The above description is only for the purpose of illustrating the preferred embodiments of the present invention and is not to be construed as limiting the invention, and any modifications, equivalents, improvements and the like that fall within the spirit and principle of the present invention are intended to be included therein.

Claims

1. The application of the photoelectrocatalysis water decomposition semiconductor material in photoelectrocatalysis water decomposition oxygen and hydrogen evolution is characterized in that halide ions are adopted to carry out surface modification on an electrode material made of the semiconductor material, wherein the halide ions comprise chloride ions, bromide ions and iodide ions; the halide ions are introduced into modification in the form of halide ion salts, including sodium halide and potassium halide; the photoelectrocatalysis water decomposition semiconductor material is bismuth vanadate and tungsten trioxide; the method is characterized in that bismuth vanadate and tungsten trioxide are monoclinic phases, and the operation steps of surface modification of the electrode material by adopting halide ions are as follows: preparing the electrode material crystallized at the temperature of more than 350 ℃ into a conductive film, soaking the conductive film by adopting a salt solution containing halide ions, wherein the concentration of the halide ions in the solution is 0.5-5 mmol/L, the soaking time is 4-15 h, and then drying to obtain a halide ion modified electrode material product.

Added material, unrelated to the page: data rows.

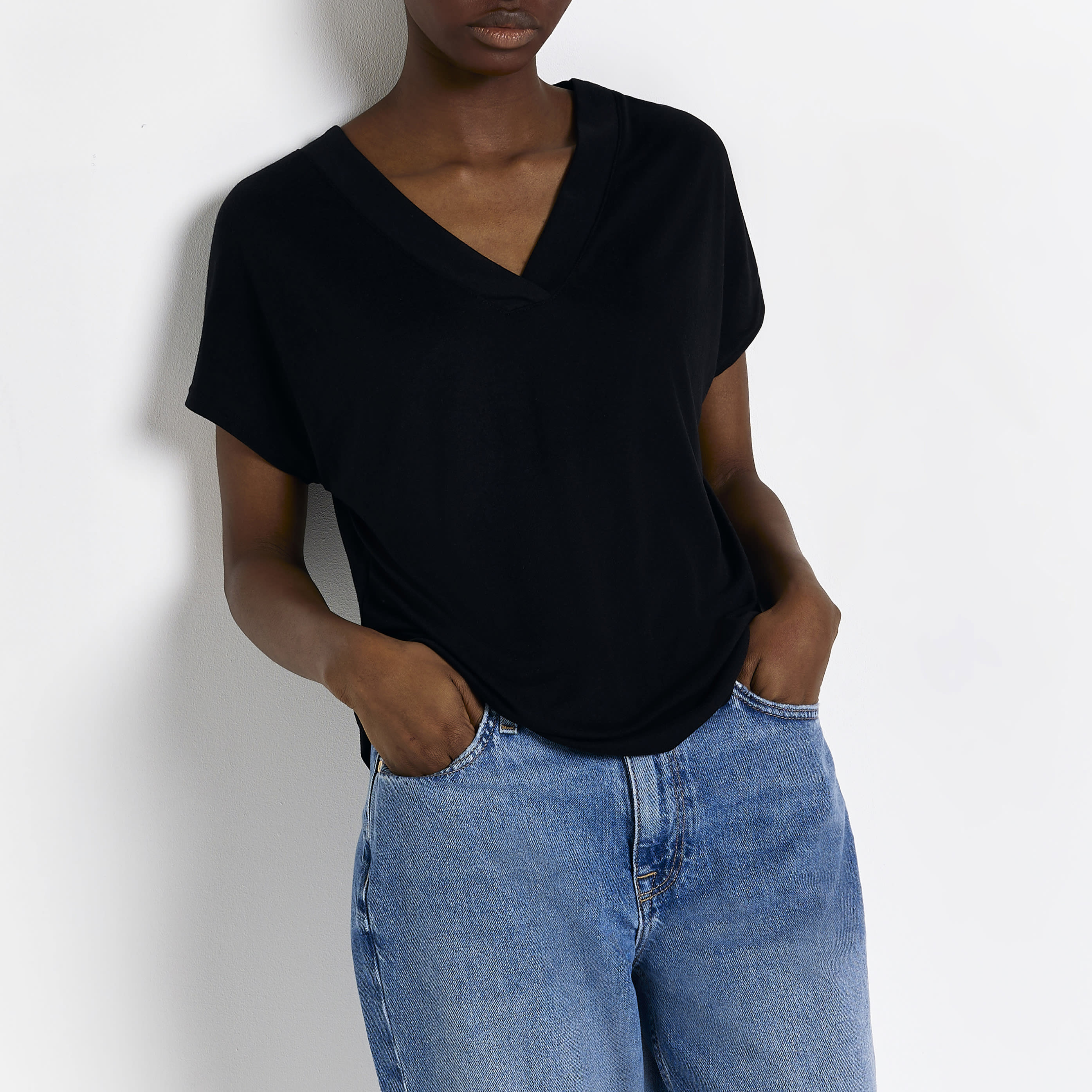 River Island Womens Black T-Shirt | River Island (UK & IE)
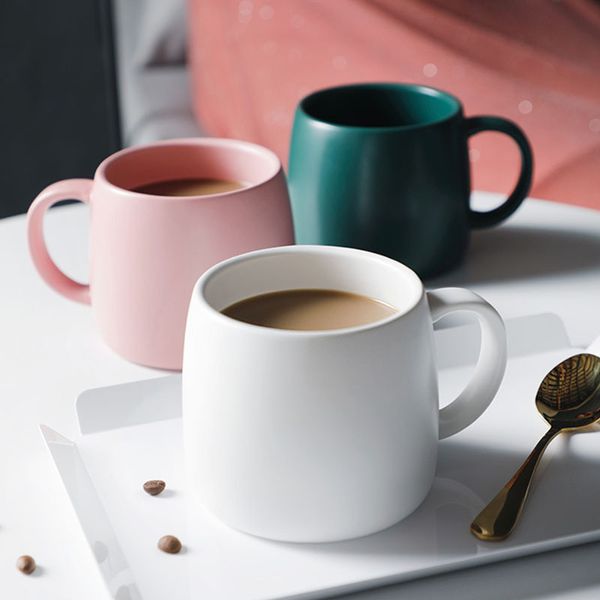 Tazza da caffè con manico Tazza da latte per la colazione INS Tazza da caffè in ceramica per la casa dell'ufficio Nero Bianco Rosa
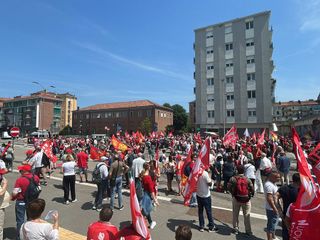 Manifestazione davanti al Grattacielo della Regione Manifestazione davanti al Grattacielo della Regione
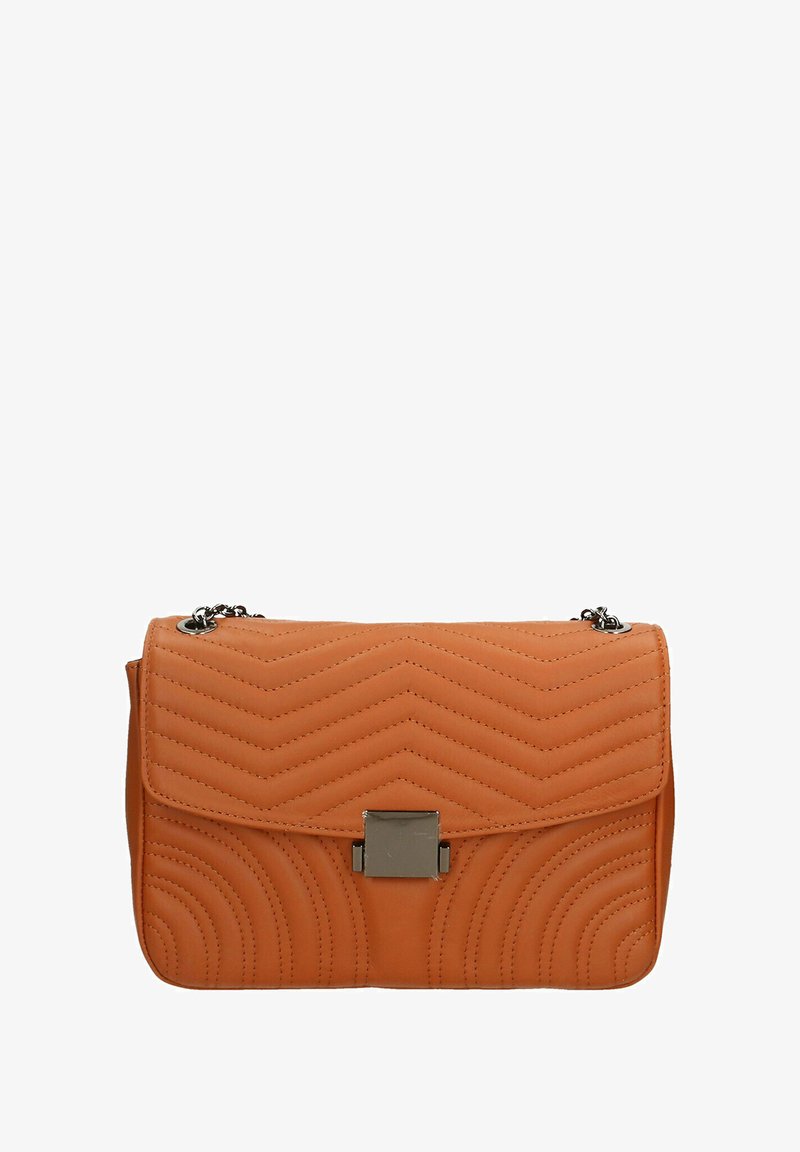 Sac à main en cuir orange avec un motif chevron matelassé, fermoir en métal argenté et une chaîne pour le porter en bandoulière. Forme rectangulaire.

2. The use of a photoelectrocatalytic water-splitting semiconductor material in photoelectrocatalytic water-splitting oxygen and hydrogen evolution according to claim 1, wherein the conductive thin film is soaked with a halide-containing salt solution having a halide ion concentration of 1 mmol/L.

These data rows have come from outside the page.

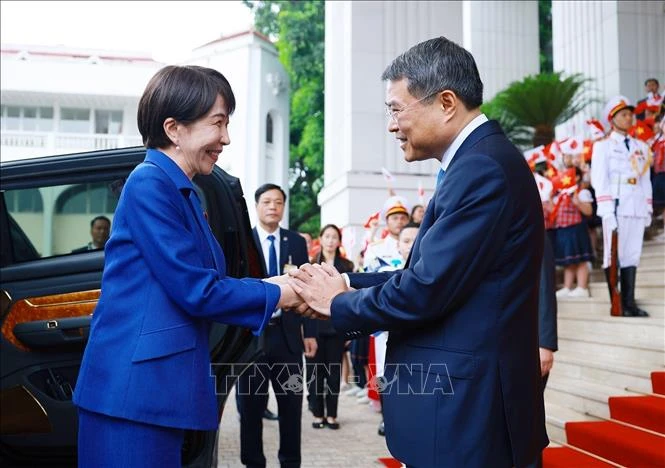 Thủ tướng Lê Minh Hưng chủ trì Lễ đón chính thức Thủ tướng Nhật Bản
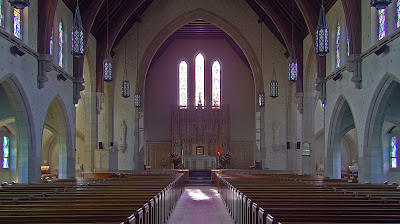 Saint Luke the Evangelist Church, in Richmond Heights, Missouri - nave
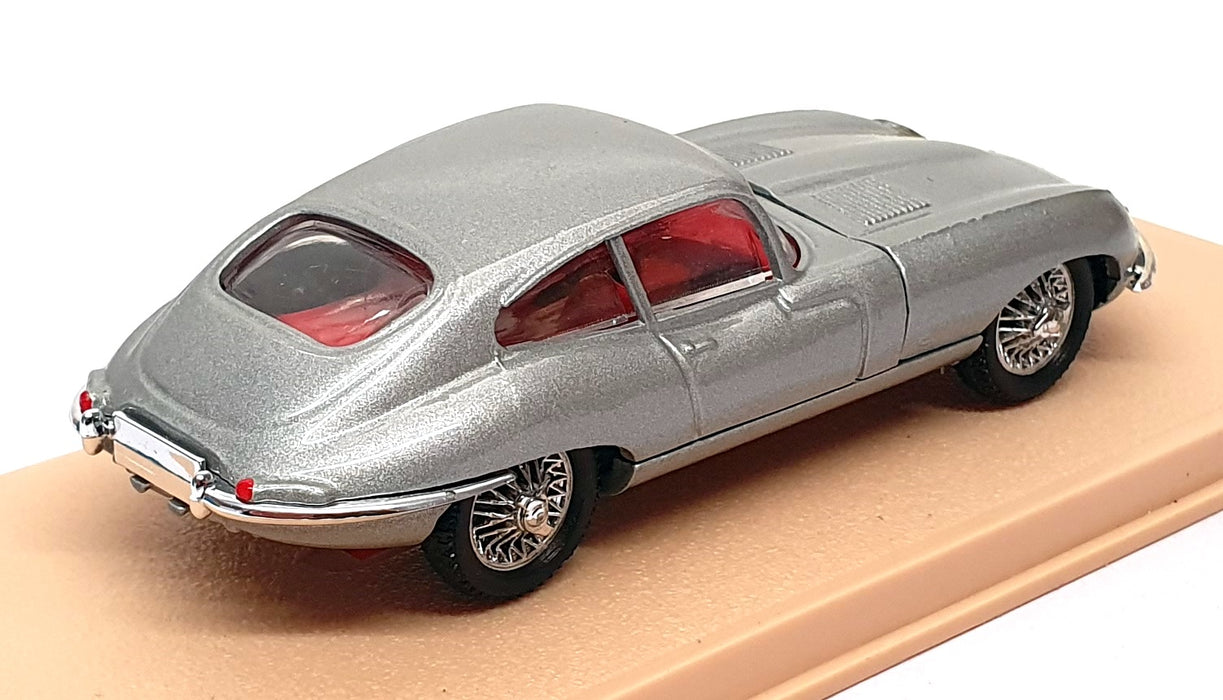Eligor 1/43 Scale Diecast 1153 - 1965 Jaguar E-Type Coupe - Silver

3. The application of the photoelectrocatalytic water-splitting semiconductor material in photoelectrocatalytic water-splitting oxygen and hydrogen evolution according to claim 1, wherein the conductive film is attached to conductive glass by means of electrodeposition, hydrothermal deposition reaction, centrifugal sedimentation and spin coating to form a crystallized electrode material; and drying the electrode material at 60 ℃ for 1-12 h after soaking.

4. The use of a photoelectrocatalytic water-splitting semiconductor material as set forth in claim 1 for photoelectrocatalytic water-splitting oxygen and hydrogen evolution, wherein the photoelectrocatalytic conditions of the electrode material are: the 300W xenon lamp is used as a light source, and the voltage is 0.2-1.3 Vvs.